To: Mark H.
From: Geoffrey Klempner
Subject: Why be moral?
Date: 15 October 2007 13:13
Thank you for your email of 5 October, with the revised version of your essay for the Associate Award, 'Why be Moral?'
This time, you have kept to the topic very well. It is clear what you are setting out to show, and what your arguments are. The essay is well structured and readable.
In terms of the Associate, this might be enough to satisfy the Board. However, there are issues that I would like to raise. I leave it to you to decide what changes, if any, are needed before you submit your essay portfolio.
The first issue concerns the question of 'standards of proof'. I fully agree with you and Aristotle that one does not expect an answer to the question why one ought to be moral to have mathematical rigour. However, there is a significant distance between the different kinds of proofs offered by someone who takes Kant's (and my) view that morality is part of rationality, and someone who takes Aristotle's view that morality is (as a hypothetical imperative) necessary for the 'good life'.
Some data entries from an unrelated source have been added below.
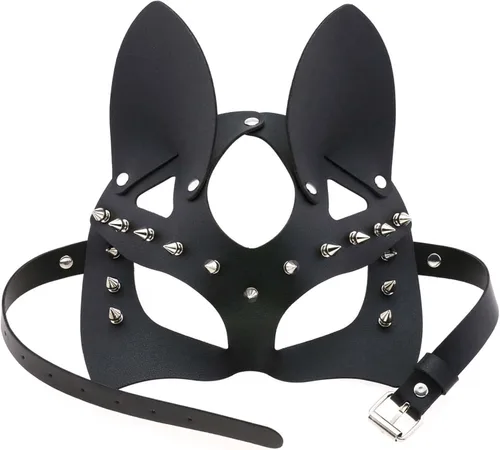 Vista 7 de Seglorwy Máscaras de cuero para disfraz de conejo, zorro, gato, mujer, máscara sexy de piel sintética para fiesta de máscaras, Halloween, cosplay
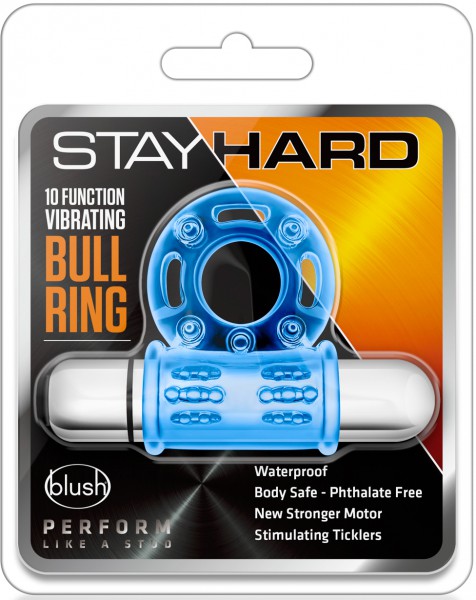 Stay Hard 10 Function Vibrating Bull Ring Blue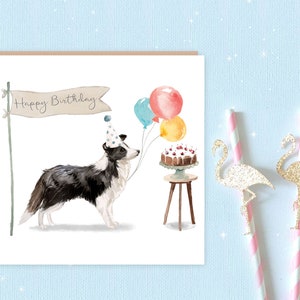 Border Collie Birthday Card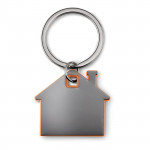 Portachiavi da merchandising a forma di casa colore arancione per impresa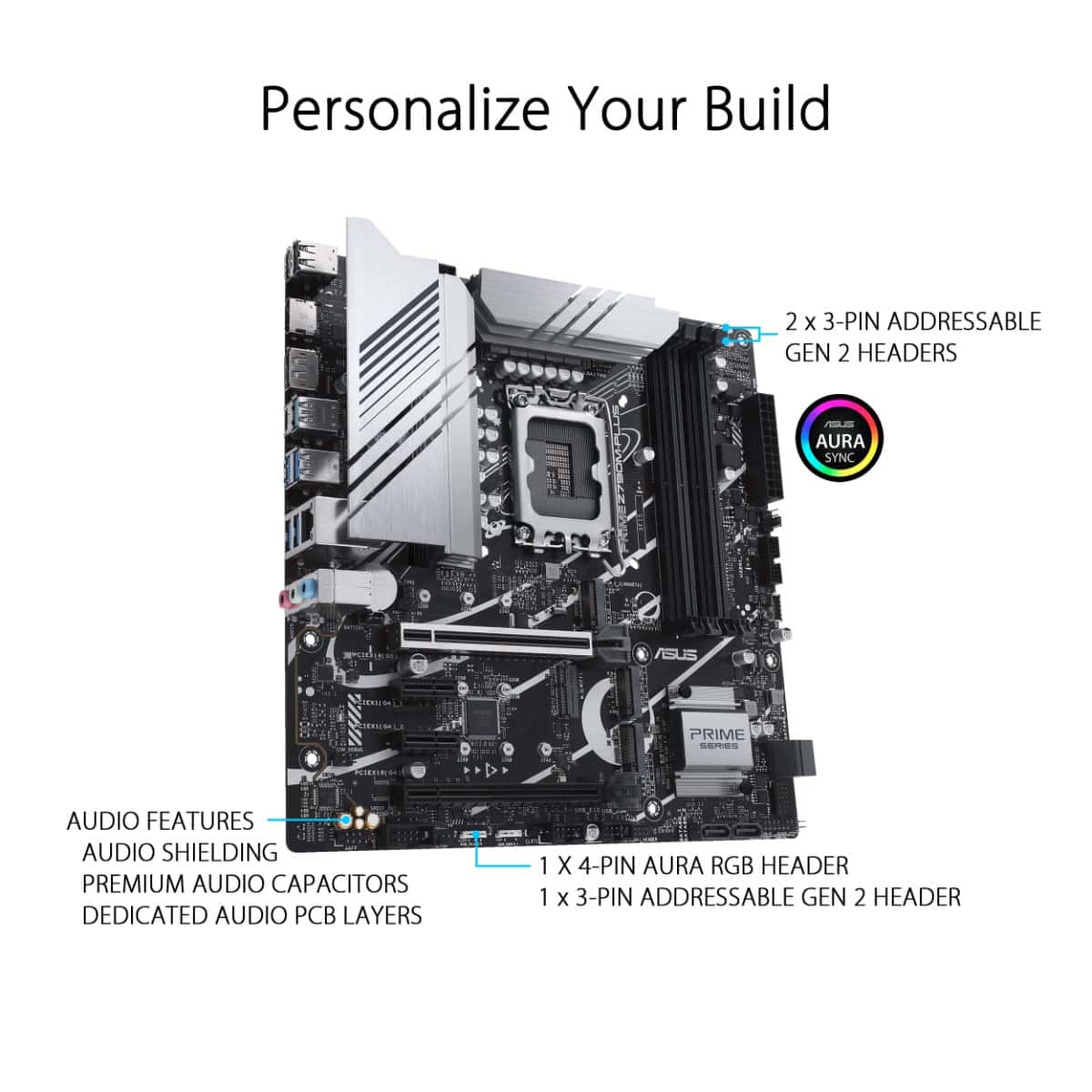 Asus Prime Z790M-PLUS D4 mATX Motherboard, Socket Intel LGA1700, Z790 Chipset, PCIe 5.0, 128GB DDR4 Max Memory, 3x M.2 Slots, Intel 1Gb Ethernet, Thunderbolt USB4 Support, Aura Sync | 90MB1D20-M0EAY0 thumbnail 3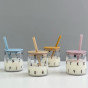Couvercle et paille pour verre Design Letters - Moutarde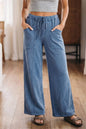 Smoke Gray Mineral Wash Drawstring Retro High Waist Wide Leg Western Pants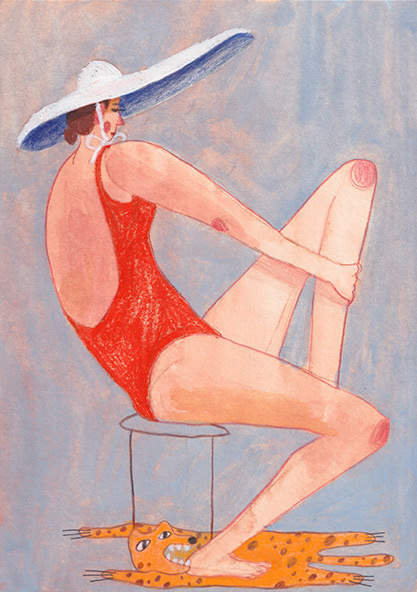 Frau mit Tiegerteppich, 148 x 210mm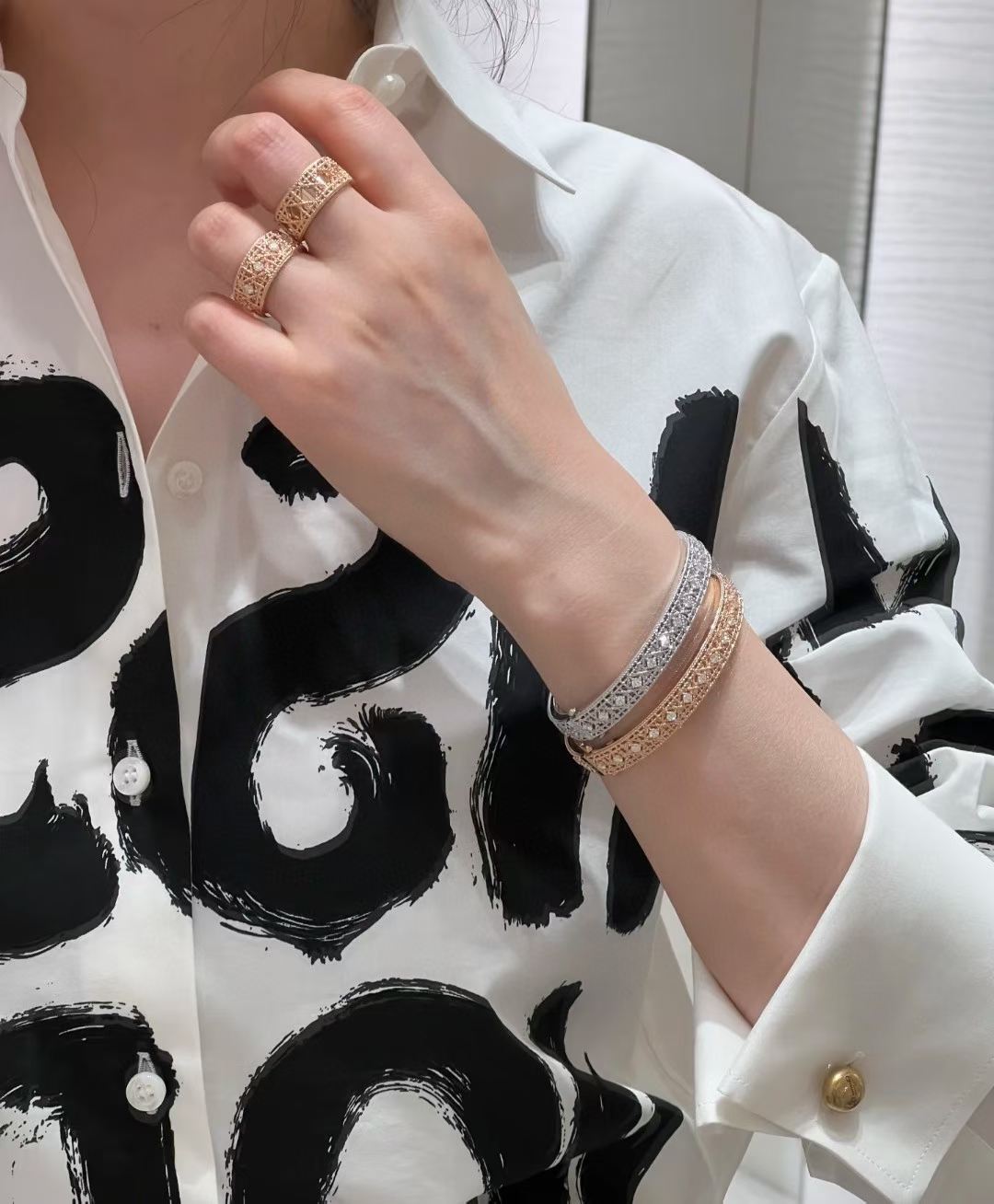 [Mystic ] 2026 WOVEN-PATTERN BRACELET SET WITH FULL DIAMOND INLAY THREE-COLORS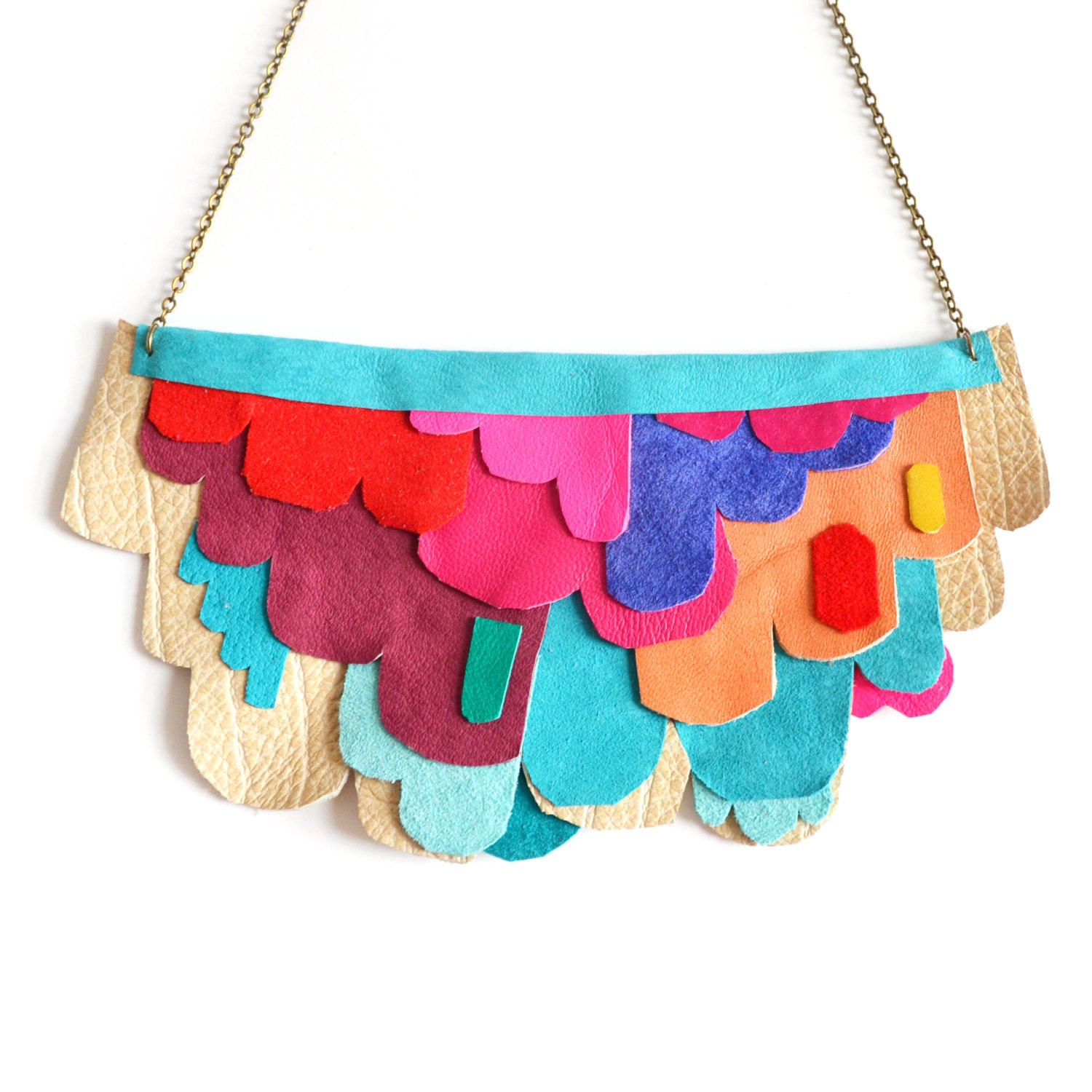 Neon Scalloped Necklace Color Block Leather Bib Necklace Geometric Jewelry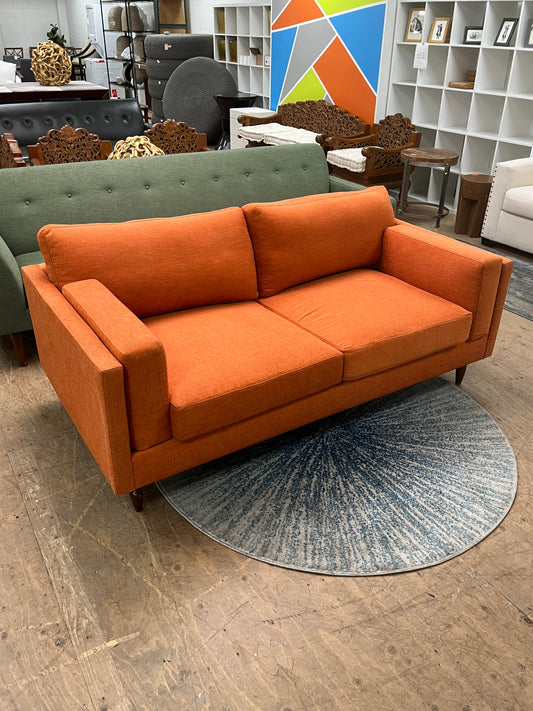Benchmade Modern Orange Linen Couch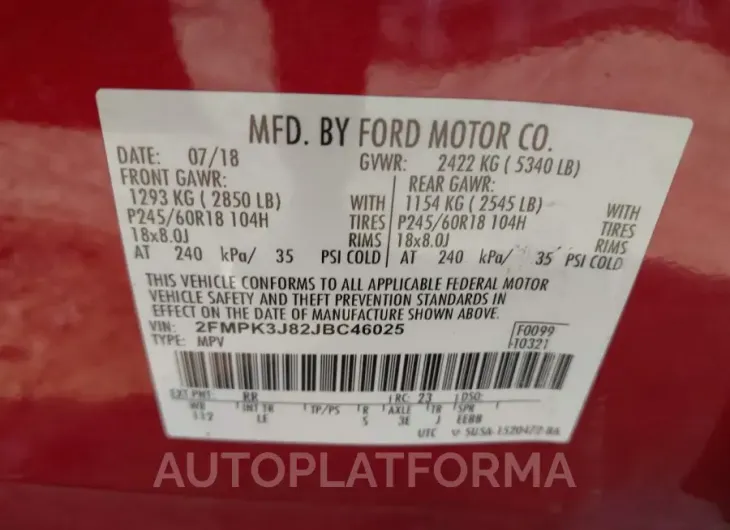 FORD EDGE 2018 vin 2FMPK3J82JBC46025 from auto auction Iaai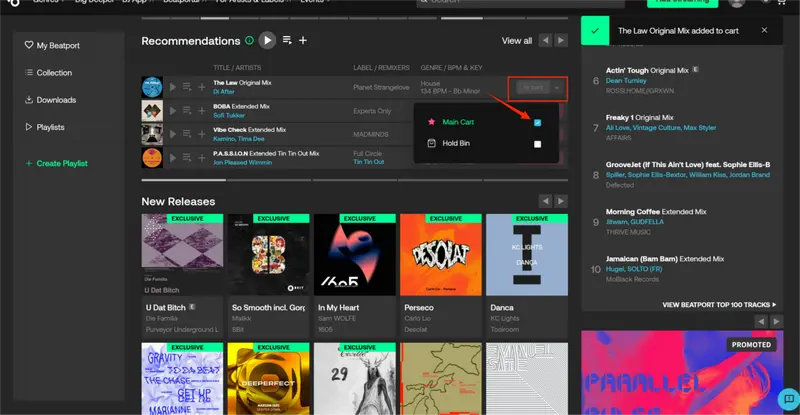 add songs to main cart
My argument for morality would be that one must recognize the claims of others, on pain of giving up the notions of an objective world and of truth. Suppose that the would-be amoralist accepted the argument. The amoralist could still embrace the conclusion that an 'objective world' and 'truth' were worth giving up. These notions are just abstractions, whereas the benefits one gains from giving up morality are palpable.
As philosophers who understand what is meant by giving up such notions, we can 'see' where the amoralist goes wrong, even though our arguments fall on deaf ears. (I am overlooking for the moment the fact that this claim would itself be debated by philosophers.)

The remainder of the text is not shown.